The root-shell simulation was not expected by any subjects, and
successfully surprised them. The
reactions among the computer-science students were especially noteworthy
because their subsequent interaction with the shell seemed to match their
expectations for normal response of the system to their requests. So for their commands, the "Command
completed successfully" message provided sufficient confirmation to be
believable.
The overall believability of the responses was high, averaging 4.6 out of a possible 5.0 where 4 was "believable" and 5 was "very believable". One subject stated he was "sort of fooled" by the tactics used, but all other subjects stated they were for the most part fooled. The only skepticism was with the more experienced subjects who thought the simulated screens were too easy to obtain. However, these subjects expressed favorable remarks at the realism of the display, especially when integrated with the delaying method. Responses to delaying tactics also confirmed the hypothesis that subjects were not concerned with the time it took to process their malicious request, only that it took longer than normal. A second goal of the experiment was to determine if the subjects could tell they were being deceived, and all subjects did believe the computer was processing their malicious request normally.

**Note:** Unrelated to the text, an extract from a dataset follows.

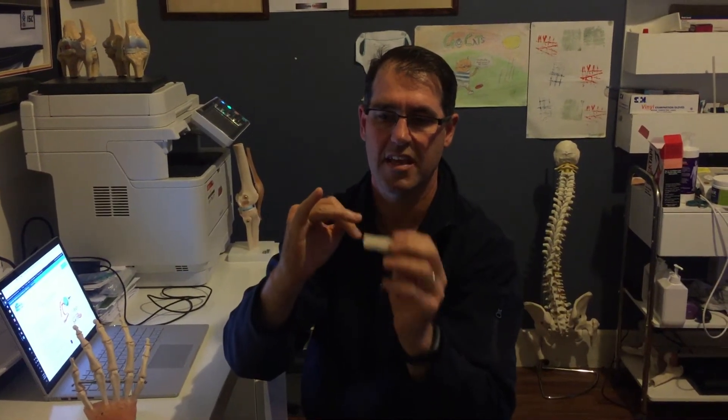What we do to manage it is you need to have a splint. This is a thermoplastic I've molded to fit onto my finger here. Basically we put it on the finger and then we tape it on so that the end bit there that's flopped down is held up by the splint. The splint sits on like that and we tape it up so that it stays on.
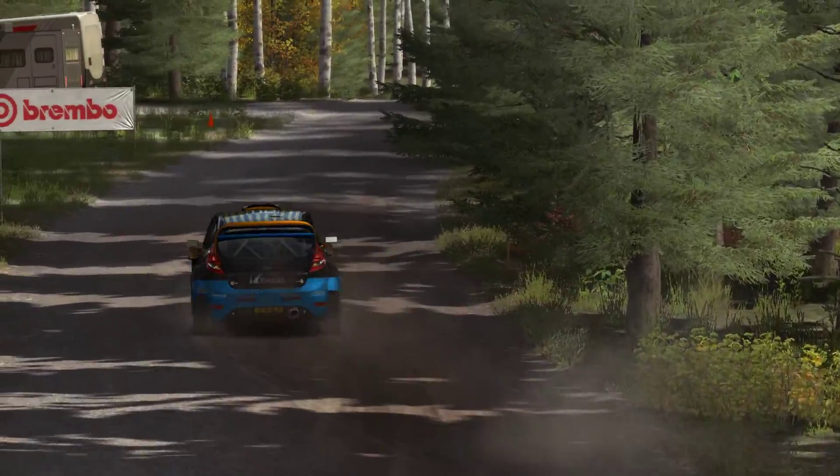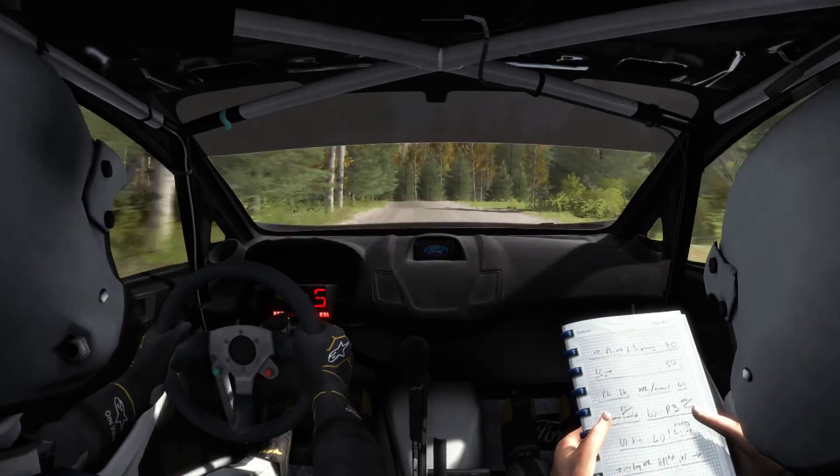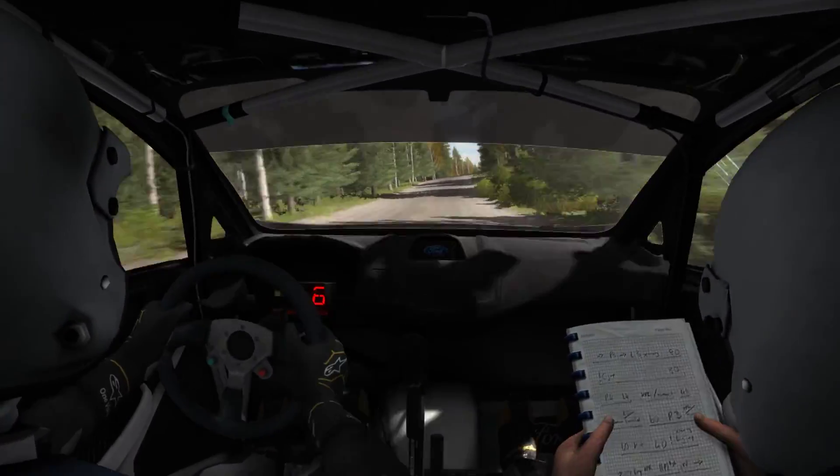And tightens 40 left 4 long, opens into turn square left long, don't cut. Right 6, and care, middle over crest jumps, and bump, 60.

Future work will include more complex levels of responses, methods of isolation of the deceived attacker from the system under attack, and methods for integrating deception into software. Other work of ours has already produced a standalone deceptive file-transfer utility that simulates some published vulnerabilities [4]. Our research into software-based deception fits between the capabilities of current intrusion-detection techniques and potential counteractive techniques, to better equip computer systems for the next generation of cyber-warfare by providing new kinds of responses to intrusions.
[1] Rowe, N. C.,
Michael, J. B., Auguston, M., and Riehle, R., Software decoys for software
counterintelligence. IAnewsletter, Vol. 5, No. 1 (Spring
2002), pp. 10-12.
[2] Michael, J.B.,
Auguston, M., Rowe, N., and Riehle, R.D., Software decoys: intrusion detection
and countermeasures. Proc. Third
Annual Workshop on Information Assurance, IEEE, West Point, New York, June
2002, pp. 130-138.
[3] Julian, D. P.,
Delaying-type responses for use by software decoys. M.S. thesis, Dept. of Computer Science, U.S. Naval Postgraduate
School, September 2002,
http://www.cs.nps.navy.mil/people/faculty/rowe/oldstudents/Julian_Thesis_Final.htm.
[4] Michael, J. B.,
Fragkos, G., and Auguston, M., An experiment in software decoy design:
intrusion detection and countermeasures.
Proc. 18th IFIP International Information Security Conference, Athens,
Greece, May 2003.
Acknowledgement:
This work is part of the Homeland Security Leadership Development Program
supported by the U.S. Department of Justice Office of Justice Programs and
Office for Domestic Preparedness. The
views and conclusions contained herein are those of the authors and should
not be interpreted as necessarily representing the official policies or
endorsements, either expressed or implied, of the U.S. Government. This paper appeared in the Proceedings of
the 2003 IEEE Workshop on Information Assurance, West Point, NY, June 2003.